Qualcosa, però, come detto, già è sul tavolo. Per Transizione 4.0, il nuovo nome del piano Impresa 4.0, oltre alla proroga (l'obiettivo è il quinquennio) si studia un rafforzamento delle attuali aliquote agevolate per investimenti delle aziende mirati allo sviluppo dello smart working, al commercio elettronico e all'economia circolare e per quelli destinati ai software collegati alla digitalizzazione. C’è poi da rimettere mano al capitolo dei Competence center 4.0, trascurato negli ultimi due anni, e si potrebbero rifinanziare gli otto già istituiti oltre a supportare la nascita di due o tre strutture nuove. Se gli obiettivi tematici sembrano chiari, c’è ancora da trovare un'intesa sulla formula dell’agevolazione fiscale. I tecnici del ministero dello Sviluppo, che nell’ultima legge di bilancio hanno curato la trasformazione dell’iperammortamento e del superammortamento in un credito di imposta, non vorrebbero disconoscere il lavoro fatto e tornare al vecchio schema, sostenuto invece dal ministero dell’Innovazione (per una extra-deduzione al 200%) e ora considerato come opzione anche dalle parti del ministero dell’Economia. Non solo, al Mise l’obiettivo sarebbe quello di imitare quanto già fatto per il superbonus per i lavori edili lanciato dal ministro Patuanelli e consentire la cessione del credito d’imposta in banca per ottenere immediata liquidità, uno strumento utile soprattutto alle imprese più piccole.

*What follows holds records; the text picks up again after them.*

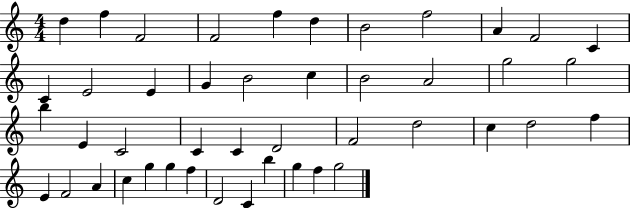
X:1
T:Untitled
M:4/4
L:1/4
K:C
d f F2 F2 f d B2 f2 A F2 C C E2 E G B2 c B2 A2 g2 g2 b E C2 C C D2 F2 d2 c d2 f E F2 A c g g f D2 C b g f g2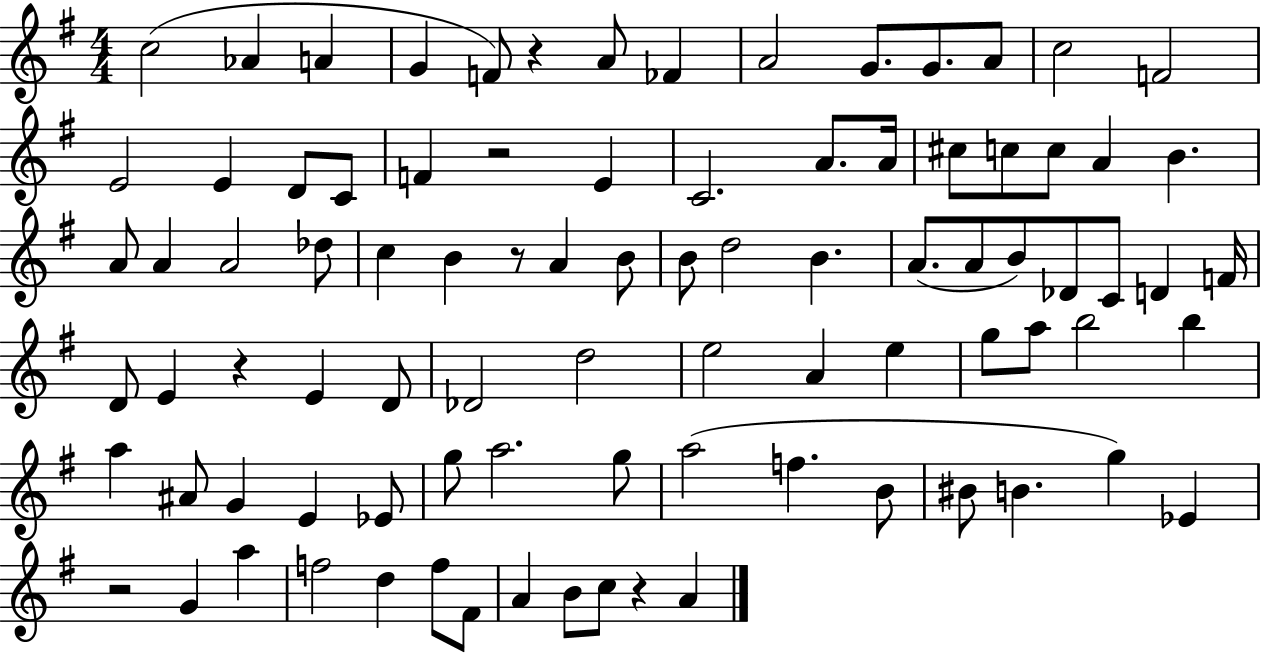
{
  \clef treble
  \numericTimeSignature
  \time 4/4
  \key g \major
  c''2( aes'4 a'4 | g'4 f'8) r4 a'8 fes'4 | a'2 g'8. g'8. a'8 | c''2 f'2 | \break e'2 e'4 d'8 c'8 | f'4 r2 e'4 | c'2. a'8. a'16 | cis''8 c''8 c''8 a'4 b'4. | \break a'8 a'4 a'2 des''8 | c''4 b'4 r8 a'4 b'8 | b'8 d''2 b'4. | a'8.( a'8 b'8) des'8 c'8 d'4 f'16 | \break d'8 e'4 r4 e'4 d'8 | des'2 d''2 | e''2 a'4 e''4 | g''8 a''8 b''2 b''4 | \break a''4 ais'8 g'4 e'4 ees'8 | g''8 a''2. g''8 | a''2( f''4. b'8 | bis'8 b'4. g''4) ees'4 | \break r2 g'4 a''4 | f''2 d''4 f''8 fis'8 | a'4 b'8 c''8 r4 a'4 | \bar "|."
}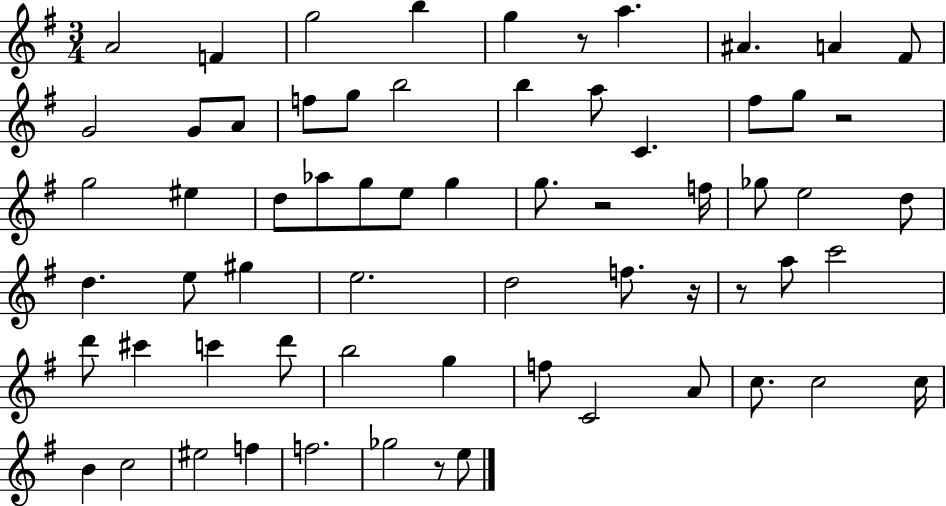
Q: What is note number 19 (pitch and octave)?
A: F#5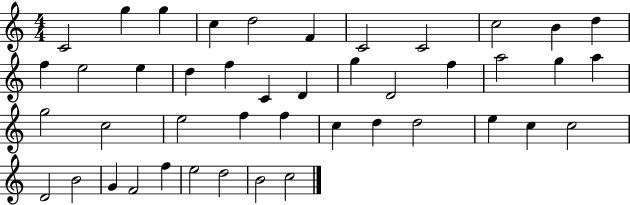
C4/h G5/q G5/q C5/q D5/h F4/q C4/h C4/h C5/h B4/q D5/q F5/q E5/h E5/q D5/q F5/q C4/q D4/q G5/q D4/h F5/q A5/h G5/q A5/q G5/h C5/h E5/h F5/q F5/q C5/q D5/q D5/h E5/q C5/q C5/h D4/h B4/h G4/q F4/h F5/q E5/h D5/h B4/h C5/h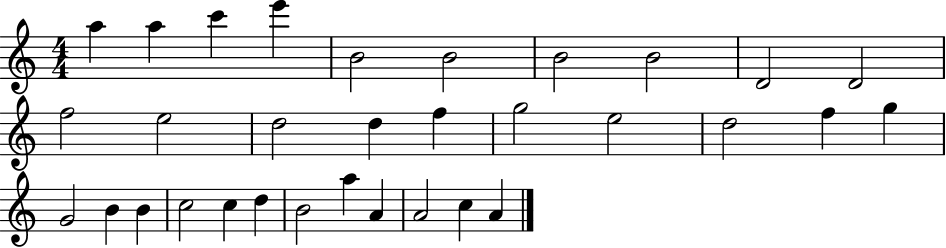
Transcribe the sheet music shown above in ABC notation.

X:1
T:Untitled
M:4/4
L:1/4
K:C
a a c' e' B2 B2 B2 B2 D2 D2 f2 e2 d2 d f g2 e2 d2 f g G2 B B c2 c d B2 a A A2 c A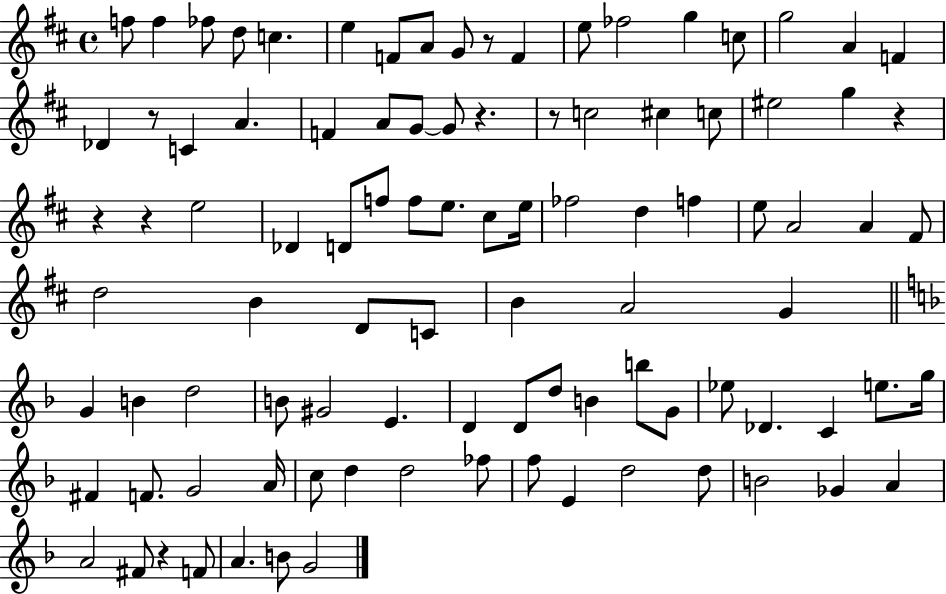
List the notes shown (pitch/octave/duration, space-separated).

F5/e F5/q FES5/e D5/e C5/q. E5/q F4/e A4/e G4/e R/e F4/q E5/e FES5/h G5/q C5/e G5/h A4/q F4/q Db4/q R/e C4/q A4/q. F4/q A4/e G4/e G4/e R/q. R/e C5/h C#5/q C5/e EIS5/h G5/q R/q R/q R/q E5/h Db4/q D4/e F5/e F5/e E5/e. C#5/e E5/s FES5/h D5/q F5/q E5/e A4/h A4/q F#4/e D5/h B4/q D4/e C4/e B4/q A4/h G4/q G4/q B4/q D5/h B4/e G#4/h E4/q. D4/q D4/e D5/e B4/q B5/e G4/e Eb5/e Db4/q. C4/q E5/e. G5/s F#4/q F4/e. G4/h A4/s C5/e D5/q D5/h FES5/e F5/e E4/q D5/h D5/e B4/h Gb4/q A4/q A4/h F#4/e R/q F4/e A4/q. B4/e G4/h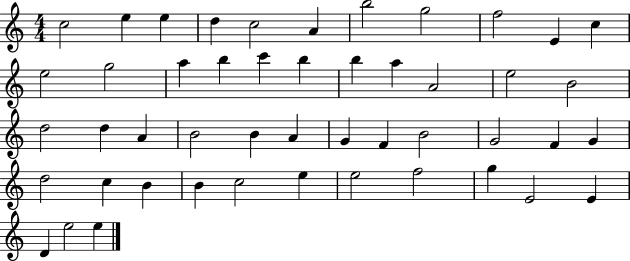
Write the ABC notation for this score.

X:1
T:Untitled
M:4/4
L:1/4
K:C
c2 e e d c2 A b2 g2 f2 E c e2 g2 a b c' b b a A2 e2 B2 d2 d A B2 B A G F B2 G2 F G d2 c B B c2 e e2 f2 g E2 E D e2 e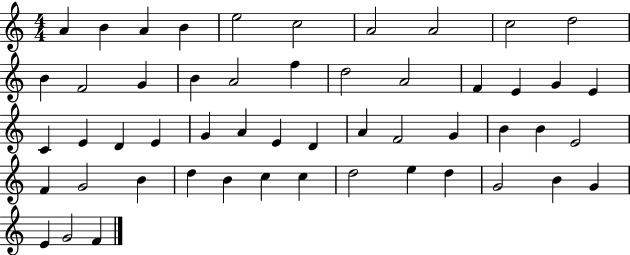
A4/q B4/q A4/q B4/q E5/h C5/h A4/h A4/h C5/h D5/h B4/q F4/h G4/q B4/q A4/h F5/q D5/h A4/h F4/q E4/q G4/q E4/q C4/q E4/q D4/q E4/q G4/q A4/q E4/q D4/q A4/q F4/h G4/q B4/q B4/q E4/h F4/q G4/h B4/q D5/q B4/q C5/q C5/q D5/h E5/q D5/q G4/h B4/q G4/q E4/q G4/h F4/q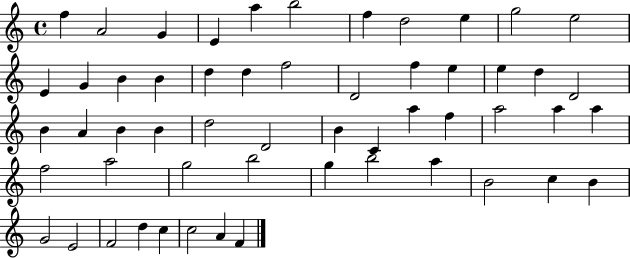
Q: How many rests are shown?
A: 0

Al di là del piano Transizione 4.0, si valuta come premiare gli aumenti di produttività e l’incremento di investimenti. Patuanelli ha parlato di detassazione degli utili che restano in azienda. Tra le ipotesi ci sarebbe quella di usare ancora una volta il credito di imposta la cui entità potrebbe essere pari a una quota del maggior gettito Ires o Irap generato dalla crescita del valore aggiunto. Anche legando il tutto a obiettivi di salvaguardia occupazionale.

Il doppio intervento – Transizione 4.0 e produttività aziendale – potrebbe da solo richiedere risorse tra 9 e 12 miliardi annui, rappresentando la fetta più ampia del capitolo imprese. Ma si ragiona anche su 300-400 milioni per sostenere l'imprenditoria femminile, sul potenziamento dei contratti di rete per favorire aggregazioni aziendali anche attraverso partnership pubblico-privato, sui voucher per consulenze in tema di economia circolare “gemelli” a quelli già esistenti per l’innovazione tecnologica, sulla formazione specializzata rafforzando gli Istituti tecnici superiori ed eventualmente finanziando iniziative private per corsi in linea con le priorità europee della digitalizzazione e della transizione energetica “verde”.

Tutte tracce del piano italiano per il Recovery Fund. Tra poco per Palazzo Chigi verrà la parte più difficile: selezionare gli interventi davvero innovativi.